Could they have been an asset to their HS basketball teams?  Yes, definitely.  Did they want to make basketball their priority 365 days of the year?  No, absolutely not.  But it was made clear by their HS coaches that if they weren't willing to do that, they would be riding the bench.  These were girls that attended every HS practice during the season, but maybe weren't in the gym during the offseason as much as the coach wanted to see (only because they were participating in other sports).  A good example of this was when we were on the east coast at a championship level event one summer, my daughter was still in middle school.  The HS coach called her and asked if she would play in a summer basketball tournament that he was coaching for the HS team.  She would have loved to, except we were in South Carolina for the full week and wouldn't be back in time.  That should have been the end of it, right?  Nope.  He put her on a guilt trip for a good year after that, made her feel horrible for not flying back early to play in this tournament.
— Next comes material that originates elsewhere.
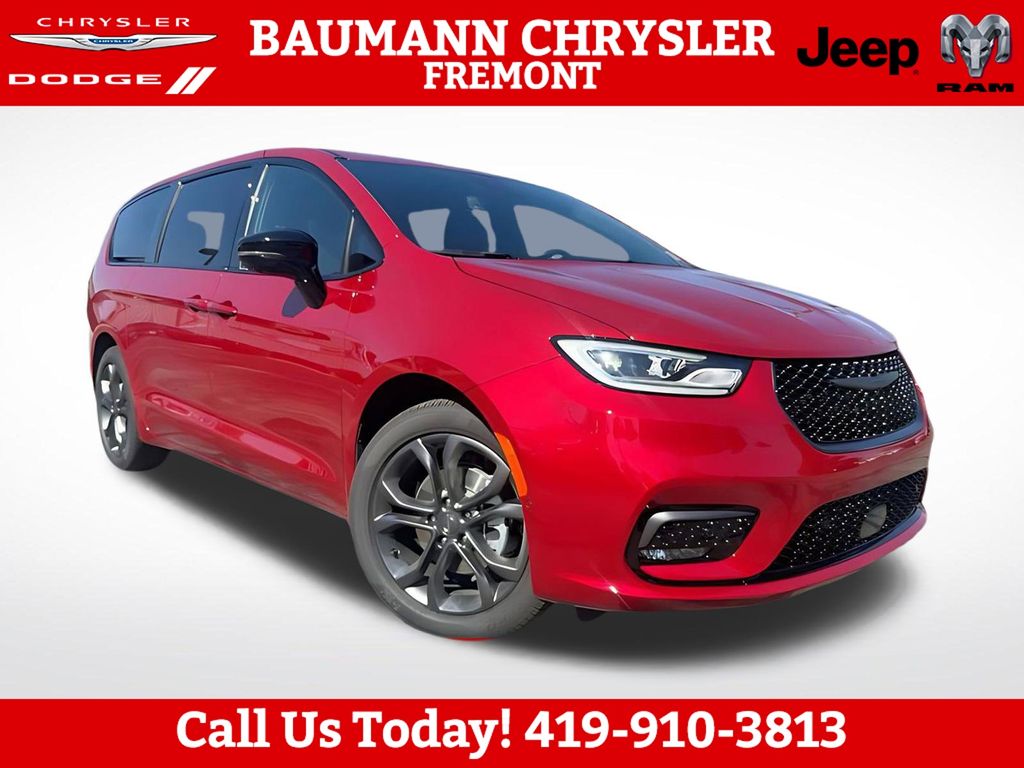 2026 Chrysler Pacifica Select's photo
My daughter played a lot of different sports at different levels growing up.  The only one she ever soured on was basketball, which was too bad because up until around 8th grade, it was her favorite and the one she thought she wanted to do in college.  Then it got hyper-demanding of her time and, unfortunately, there was a lot of politics in it as well.  It became a negative experience for her and for several other kids we knew.  It was much easier to balance multiple sports by dropping basketball.


The other thing we noticed throughout her years playing sports is that some of the least athletic kids we ever met were on the soccer fields and basketball courts (more so on the soccer fields).  You can be skilled but not athletic to play both those sports, or it's at least easier to hide your lack of athleticism.  That's not true with VB and track and field.  If you aren't athletic, it shows, you can't hide it.  More and more athletic girls started choosing VB over basketball.  Most of the nonathletic ones (or average athletic) avoided track and field like it was the plague.  If you can't run, jump, or throw, you aren't going to have much success in track and field.  But you might have success in soccer if you can play disruptive defense, or in basketball if you can consistently nail a 3 point shot.  And that gives their parents something to brag about.  If I had a dollar for every time a basketball or soccer parent told me their daughter was a DI recruit (when she was only 10 years old), I could retire 10 years early.